Les trois autres histoire suivent la même trame narrative. On part d'une situation originale, on enchaîne sur la folie douce, on verse dans la folie furieuse, puis on est sauvé par le gong du fait-divers tragique. Je vous narre la deux vite fait, la trois est pénible et la quatre grotesque.

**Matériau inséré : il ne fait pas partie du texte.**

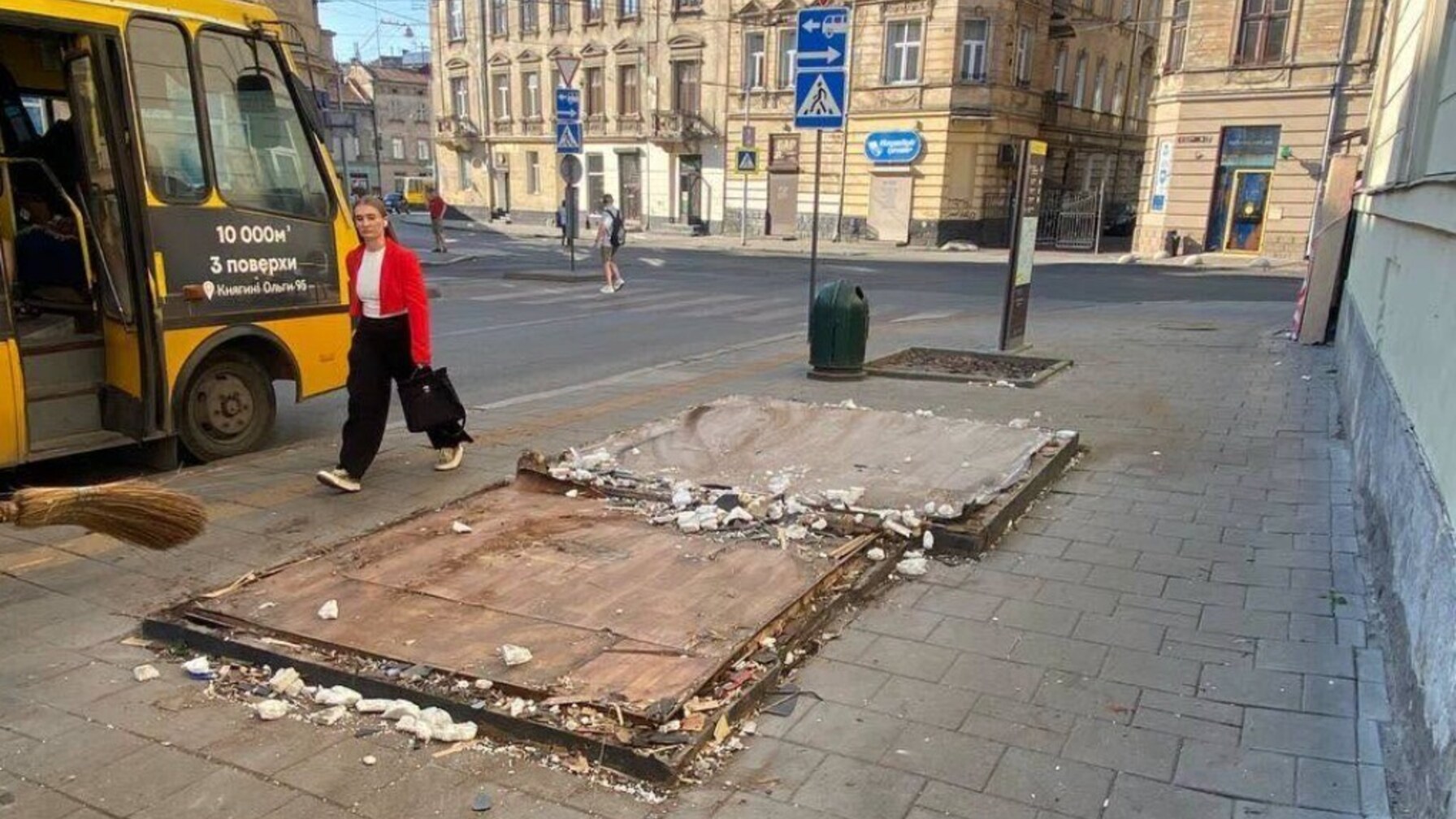 З вулиць Львова прибрали ще два незаконно встановлені  МАФи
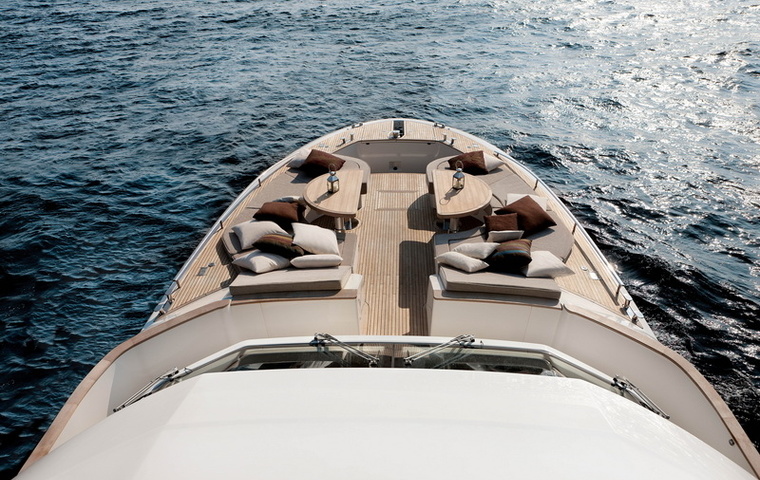 Monte Carlo Yachts 76 (2013)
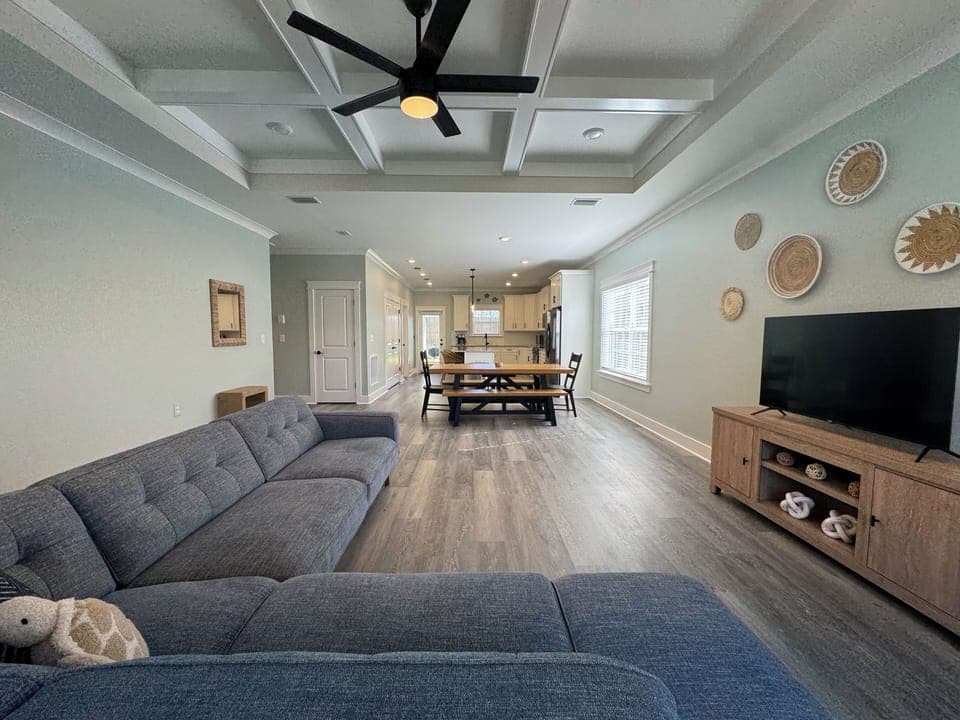 Open floor plan gives everyone enough space to relax.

La deuxième histoire tourne autour de la passion maniaque d'un quadra bien sous tous rapports, quoiqu'enseignant. On connaît les prédispositions de ce corps d'élite pour les pathologie mentales lourdes. La famille, composée d'un couple semble-t-il légitime et de ses trois filles, s'est portée acquéreur à bon prix d'un bien nécessitant d'important travaux de réfection intérieure. Un coup de masse en entraînant un autre, les voilà engagés dans des travaux à n'en plus finir auxquels monsieur sacrifie bientôt toutes ses soirées, ses nuits et ses vacances. Jusque là, on connaît la chanson. C'est celle des héros imbéciles trouvant leur accomplissement dans la satisfaction d'avoir tout fait eux-même, généralement de travers. J'en connais par coeur le refrain "Contrairement à mes cloisons, je ne me suis pas laissé abattre..." Mais là, folie douce, il semble que Monsieur se soit pris d'une véritable frénésie pour la finition du second oeuvre. Par un procédé d'inversion assez courant en littérature, il est habité par sa maison. On passe à la folie furieuse quand après PLUSIEURS ANNÉES de travaux, l'emménagement prévue en été est repoussé à la Toussaint, puis à Noël, puis à l'été d'après, peut-être, femme et enfants consacrant à leur tour toutes leurs vacances à poncer, enduire, carreler, sous les ordres d'un chef de famille devenu chef de chantier, donc tyrannique. Là, on attend qu'elles le démembrent à la disqueuse, ou qu'elles le coulent dans la chape de béton du garage... Mais stop. Le principal intéressé sort du scénar sur une scène surréaliste. Il a invité ses voisins, ses amis, sa famille pour une sorte de cérémonie au cours de laquelle il offre à chacun une petite composition florale et quelques mots affectueux. Qu'est ce que ça vient foutre là ? Rien. Rien qui serve l'histoire. C'est probablement la seule chose qu'ait trouvé notre personnage principal pour apparaître autrement qu’un Terminator fait main ayant une perceuse à la place du coeur.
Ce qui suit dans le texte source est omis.